U.S. Rep. Melissa Hart, R-Pa., promises to attack the problem with federal legislation.

She introduced a measure that would address porn in an anti- spam bill, but the bill failed last year. She will introduce another bill next session that imposes fines and criminal sentences for porn spamming, said her press secretary, Brendan Benner. The congresswoman was not available for an interview.

Her bill, like other anti-spam proposals, however, faces free- speech hurdles.

"Just because something may be pornographic, it doesn't mean it's stripped from its First Amendment right," said Marv Johnson, an attorney with the American Civil Liberties Union, which will likely lobby against such a bill.

That same argument has been raised with state anti-spam laws. Twenty-seven states, including Colorado, put their own laws on the books.

Yet Colorado's law, passed in 1999, has been no help in curbing the onslaught of spam and porn messages, said Kenneth Lane, the Colorado AG's spokesman.

Colorado's law requires spammers to label messages with ADV for advertisement and to disclose the sender's real e-mail address, among other rules.
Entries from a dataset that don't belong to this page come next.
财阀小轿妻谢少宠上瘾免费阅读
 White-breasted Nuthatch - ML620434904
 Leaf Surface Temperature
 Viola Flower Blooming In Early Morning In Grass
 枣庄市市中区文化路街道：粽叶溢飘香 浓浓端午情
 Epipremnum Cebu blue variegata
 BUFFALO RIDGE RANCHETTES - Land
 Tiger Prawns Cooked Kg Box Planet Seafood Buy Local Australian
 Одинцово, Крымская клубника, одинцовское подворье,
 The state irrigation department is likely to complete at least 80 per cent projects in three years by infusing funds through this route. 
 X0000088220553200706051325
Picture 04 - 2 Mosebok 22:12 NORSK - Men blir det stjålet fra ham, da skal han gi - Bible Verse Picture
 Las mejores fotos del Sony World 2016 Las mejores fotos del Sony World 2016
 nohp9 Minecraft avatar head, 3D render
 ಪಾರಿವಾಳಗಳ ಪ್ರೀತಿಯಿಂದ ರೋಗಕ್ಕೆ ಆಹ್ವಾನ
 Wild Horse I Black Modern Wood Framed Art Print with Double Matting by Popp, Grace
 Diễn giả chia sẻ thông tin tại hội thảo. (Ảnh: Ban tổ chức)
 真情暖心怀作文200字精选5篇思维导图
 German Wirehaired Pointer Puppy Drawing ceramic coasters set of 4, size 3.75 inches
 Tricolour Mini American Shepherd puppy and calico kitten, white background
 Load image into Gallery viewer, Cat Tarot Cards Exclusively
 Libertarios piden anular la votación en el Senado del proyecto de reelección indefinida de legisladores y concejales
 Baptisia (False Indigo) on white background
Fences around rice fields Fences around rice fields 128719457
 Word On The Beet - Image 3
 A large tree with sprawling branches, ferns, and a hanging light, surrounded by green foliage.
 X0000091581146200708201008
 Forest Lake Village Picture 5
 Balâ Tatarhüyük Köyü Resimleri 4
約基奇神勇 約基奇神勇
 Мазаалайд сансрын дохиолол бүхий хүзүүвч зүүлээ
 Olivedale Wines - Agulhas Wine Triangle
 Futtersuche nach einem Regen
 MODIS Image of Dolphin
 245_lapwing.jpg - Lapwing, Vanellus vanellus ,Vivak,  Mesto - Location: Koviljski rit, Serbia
Yet the law requires that individuals or businesses - not police - enforce the law, tracking down spammers and serving them with lawsuits. Successful prosecution nets just $10 per message.

Not one person has used the law, said Lane.

"The law has no teeth," said Lane. "It's terribly frustrating when people complain, and there's not a thing we can do about it."

People such as Sikes, the grandmother, hopes that will change.

"It seems like it should be violating some law," she said. "I don't know the answer, but I do know it's disgusting."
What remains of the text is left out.